NOT Fun For the Whole Family
How Pop Culture Gave Up on Entertainment for People from 7 to 70 Years Old
When I was younger, I remember watching commercials for board games and novelty toys like Trivial Pursuit and Rubik's Cube and they all were marketed with the same selling point: fun for the whole family. As I got older, I saw less and less of these commercials. In the kids TV space, I would owe this to Nickelodeon and its ingenious marketing to kids exclusively. Nickelodeon was like Soupy Sales in network form, turning kids against their parents.
Of course, this was simply the last bastion of family fun. For decades, pop culture was fragmenting in every medium and genre. And of course nowadays we have arrived at the diametrical opposite of this style of marketing: nothing is fun for the whole family. It's fun for you. TikTok's front page is called For You. "You" emerging, through algorithms and all sorts of other data points, as an increasingly clearer and specific picture for every major business.

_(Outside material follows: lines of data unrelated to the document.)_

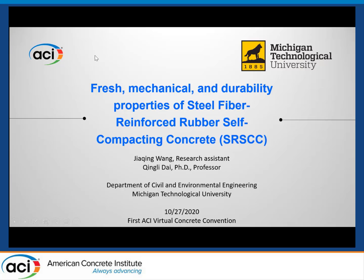Good afternoon, everyone, and thank you for being here today. I'm Jiaqing Wang from the Civil and Environmental Engineering Department at Michigan Technological University, and I'd also like to introduce my advisor, Dr. Qingli Dai, who is a professor in the Civil and Environmental Engineering Department at Michigan Technological University.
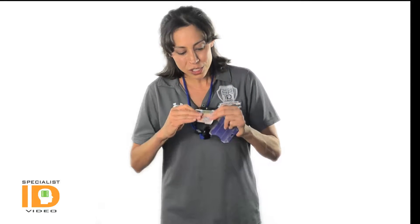It will display your photo ID or standard credit card size ID in an open face style. It is easy to insert and remove.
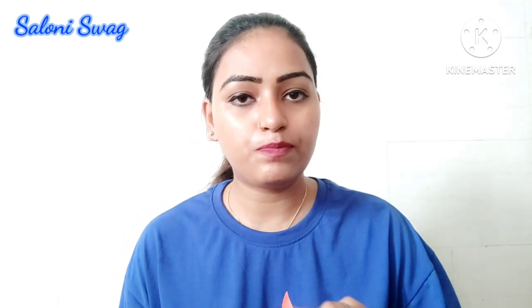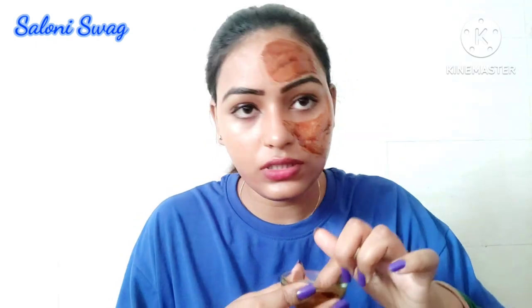Now I apply this pack. Before applying this face pack, make sure your skin is clean. After that, apply the face pack on your face. You can use this face pack twice a week to get clear and glowing skin.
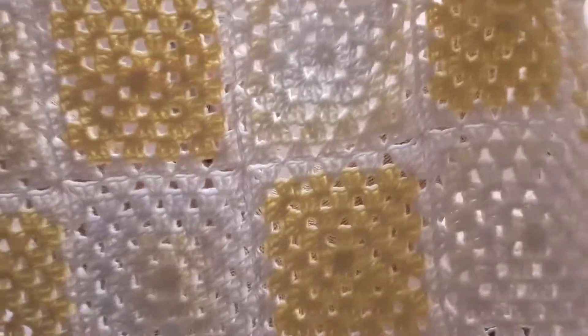It's a granny square made up of individual granny squares, joined together with the join-as-you-go method and a simple v-stitch border.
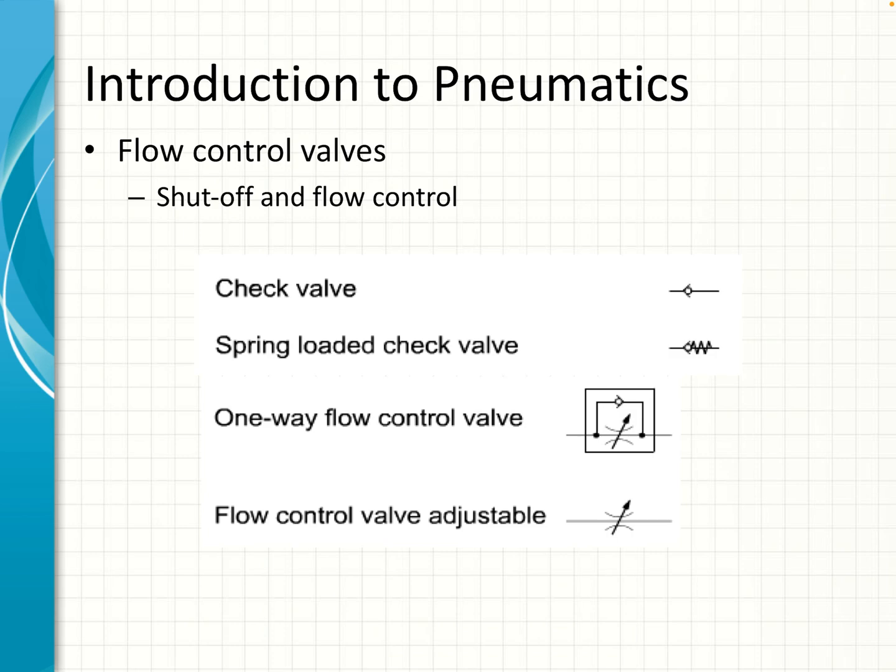Then we've got check valves — these are essentially one-way valves. Air flow in a check valve can flow from left to right but not from right to left. A one-way flow control valve has a check valve in one direction which forces all the air through a restrictor, and then from right to left the air supply can bypass the restrictor and go through the check valve, giving less restriction. The last one is an adjustable flow control valve with no bypass — the arrow across the valve symbol always indicates that it's adjustable.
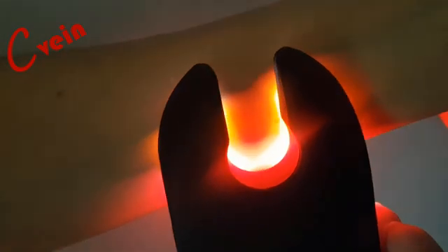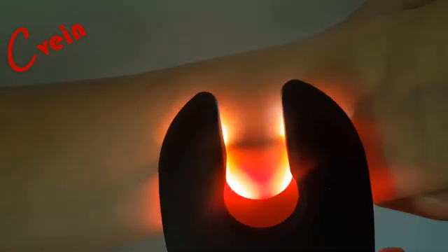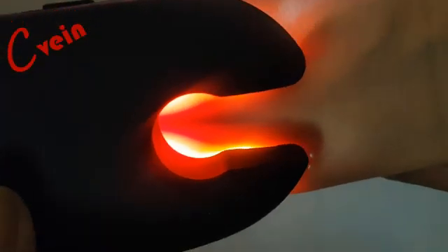Keep C-Vein touching the skin surface. Find a vein by scanning perpendicular across the arm. Once the vein is located, rotate the device parallel to the arm and then cannulate the vein. Try to perform the procedure in as little ambient light as possible for better visualization.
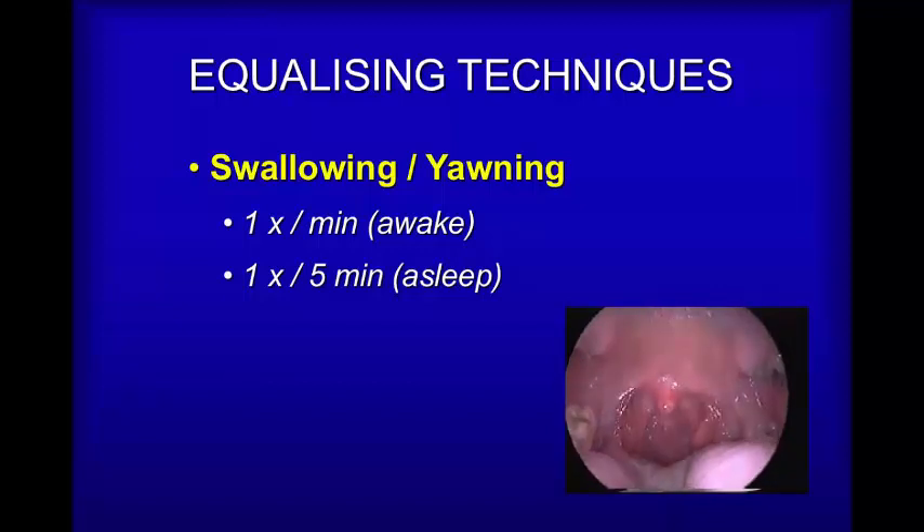This is what happens when you swallow. The soft palate pulls upwards and in the process it actually opens the Eustachian tubes. You may want to try that now — just pinch your nose and swallow and you may notice a change in your ears. We'll explore this again when we look at the Toynbee technique in a moment.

So let's go through the timeline and chart the rise and fall of entertainment the whole family was meant to enjoy, from vaudeville to Pixar.
Late 19th Century
Before the mid 1800s, theater in America was exclusively understood to be an indulgent diversion for the upper classes created by morally depraved actors and writers. But variety shows eventually emerged in the Bowery; rowdy, beer soaked productions for unruly, violent working class Irish crowds. This was big business, but theater owners BF Keith and EF Albee saw economic potential in a cleaner version that would appeal to women as well, thus doubling the audience and practically building the entire American vaudeville circuit. Those who missed the naughtier version would go to burlesque shows instead.
Early 20th Century Hollywood
Silent films would end up being a refuge for vaudeville clowns and mimes that were increasingly losing work. The sound era did have some raunchy pre-code films but of course the code was established and, arguably, the enduring appeal of Golden Age Hollywood came down to this very appeal. This was the peak of family-friendly entertainment. Heightened production values, great scripts, greater actors, ensured a show that would bulldoze the vaudeville circuit forever.
The 50s (interlude)
As more children than ever before were born during the Baby Boom, these children skewed the quality of friendly family entertainment for the worse; but business was never bigger. Initially, post-WWII movie franchises like Ma and Pa Kettle and Francis the Talking Mule appealed to children. As more TV shows in the 50s were filmed, however, this type of silly wholesome comedy got outsourced to TV. Rural sitcoms copied the Kettle films while the talking animal boom was a throwback to Francis. Suburban families felt stronger parasocial bonds with the multitude of sitcom families on their living room TV sets than they did their own neighbors. Movies, realizing that TV was vacuuming the family market, began to make movies that appealed to teenagers. Schlocky movies about juvenile delinquents, motorcycle races and rubber monsters. But eventually all media would chase the teenage market.
60s to Today
One thing every generation - from Boomer to Z - takes for granted is that mass media always tries to appeal to the young hip demographic. Though movies led the way in this department, we owe The Beatles for spreading the fire. The biggest mistake we make when judging the Fab 4s value is looking at them as musicians instead of media personalities. They are not only one of the best bands ever, they are some of the most important TV characters. Their witty banter at press conferences attracted youths who felt a parasocial bond with them as if they were friends/something more. As The Beatles got weird, America got weird.
And the beat went on. The 70s gave us punk and intergenerational wars. The 80s gave us lifestyle marketing. Of course the Internet dissected individual users, let alone whole demographics.
The last truly family friendly company left that comes to mind is Pixar. Even today's films like Encanto make sure to entertain the grown ups as well as the kids.
Wait speaking of Pixar, isn't Disney Plus an example of family friendly entertainment killing it? On the surface, yes. But many of their biggest franchises are actually more geared to online fandoms like Star Wars and Marvel than any families. Frankly, the audience seems to be grown men who live at home. So family friendly entertainment may be a thing of the past in our divided times, but some things still appeal to children of all ages.